Han Zhangluan (韓長鸞), formal personal name Han Feng (韓鳳), was an official of the Chinese Northern Qi dynasty. He was initially a guard commander for Gao Wei when Gao Wei was crown prince, and became a close associate of Gao Wei after Gao Wei became emperor. Late in Gao Wei's reign, he dominated the political scene along with Mu Tipo and Gao Anagong. While not as criticized for corruption as Mu and Gao Anagong were, he was blamed by historians for his rejection of civilians and ethnic Han officials, including the killing of the officials Cui Jishu (崔季舒) and Zhang Diao (張雕) at his instigation.

Han Zhangluan was from Changli Commandery (昌黎, roughly modern Qinhuangdao, Hebei), he appeared to be ethnically Han or had mixed Xianbei–Han heritage, but the matter of his ethnicity is not conclusive. His father Han Yongxing (韓永興) was a commandery governor. In his youth, he was said to have very strong arms and was good at archery and horseriding. After Gao Wei was created crown prince in 562, his father Emperor Wucheng set up a guard corps commanded by 20 officers. Han Zhangluan was one of the officers thus commissioned, and Gao Wei immediately took a liking to him. After Gao Wei became emperor in 565, he was constantly promoted, and eventually, he was created the Prince of Changli. Both his sons Han Baoxing (韓寶行) and Han Baoxin (韓寶信) married princesses. Han was particularly powerful after the general Hulü Guang was falsely accused of treason and executed in 572, and he, Mu, and Gao Anagong were referred to as the "Three Nobles," controlling the government together, and they were later blamed for the deterioration of Northern Qi. When the Chen dynasty attacked and captured the region between the Yangtze River and Huai River in 573, including the important city Shouyang (壽陽, in modern Lu'an, Anhui), Han and Mu were gambling when news of Shouyang's fall arrived and not willing to stop despite the bad news. Further, during the Chen campaign, when Cui and Zhang, along with several other officials, including Feng Xiaoyan (封孝琰), Liu Ti (劉逖), Pei Ze (裴澤), and Guo Zun (郭遵), submitted a joint petition trying to persuade Gao Wei not to visit the secondary capital Jinyang (晉陽, in modern Taiyuan, Shanxi), on account that such a visit might be misinterpreted by the people as flight, it was Han who suggested that those civilian officials were, in effect, committing treason, and should all be killed. Gao Wei agreed and had them executed. Han was also known for his disdain for civilian officials, but was known for his good treatment of military officers who were mostly non-ethnic Chinese. He particularly despised ethnic Chinese scholars and officials, and is known for often stating, "Those naggy and cunning Chinese dogs are difficult to endure; they should all be killed!"
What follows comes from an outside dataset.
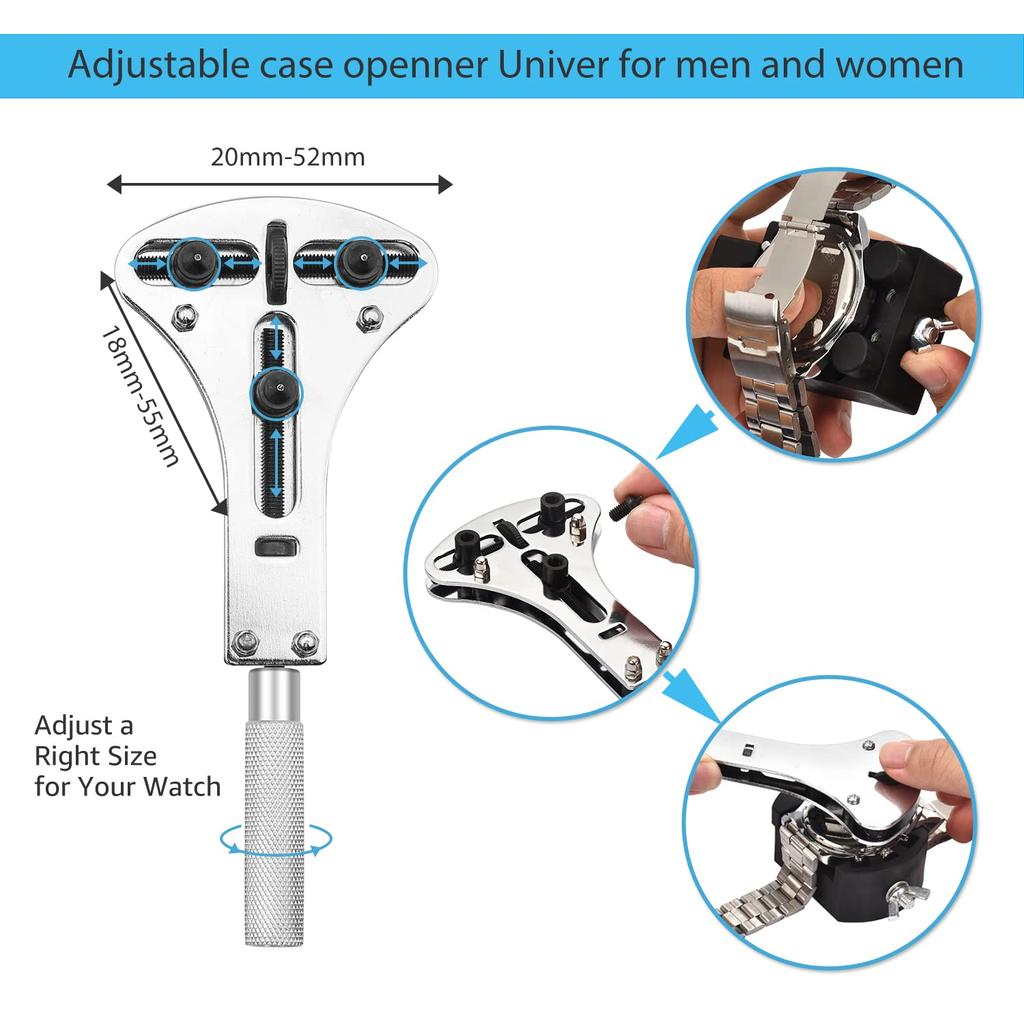 EASYTIME Watch Repair Watch Link Removal Tool Watch Replacement Tool Watch Adjustment Tool Watch Spring Bar Tool Instruction Manual and Carrying Case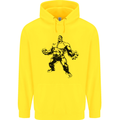 Muscle Man Gym Training Top Bodybuilding Mens 80% Cotton Hoodie Yellow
At one point, both Han and Mu were removed from their offices for over their diversion of imperial construction personnel from their project of repairing the palace at the secondary capital Jinyang to repairing their own homes. At the time of the major attack by Northern Zhou in 577, Gao Wei initially battled Northern Zhou forces but eventually fled back to the Northern Qi capital Yecheng (鄴城, in modern Handan, Hebei), and it was at that time he recalled Han back to government. Han subsequently fled with Gao Wei south of the Yellow River and was one of the few officials who did not surrender to Northern Zhou. Both Gao Wei and he were soon captured, however.

Many Northern Qi officials were given posts in the Northern Zhou government, but no historical record indicated that Han received any offices. In the subsequent Sui dynasty, he was made a provincial governor, and he died while serving as the governor of Long Province (隴州, roughly modern Baoji, Shaanxi), but it is not known when he died saved that it must have been before 607, when the Sui provinces were renamed commanderies.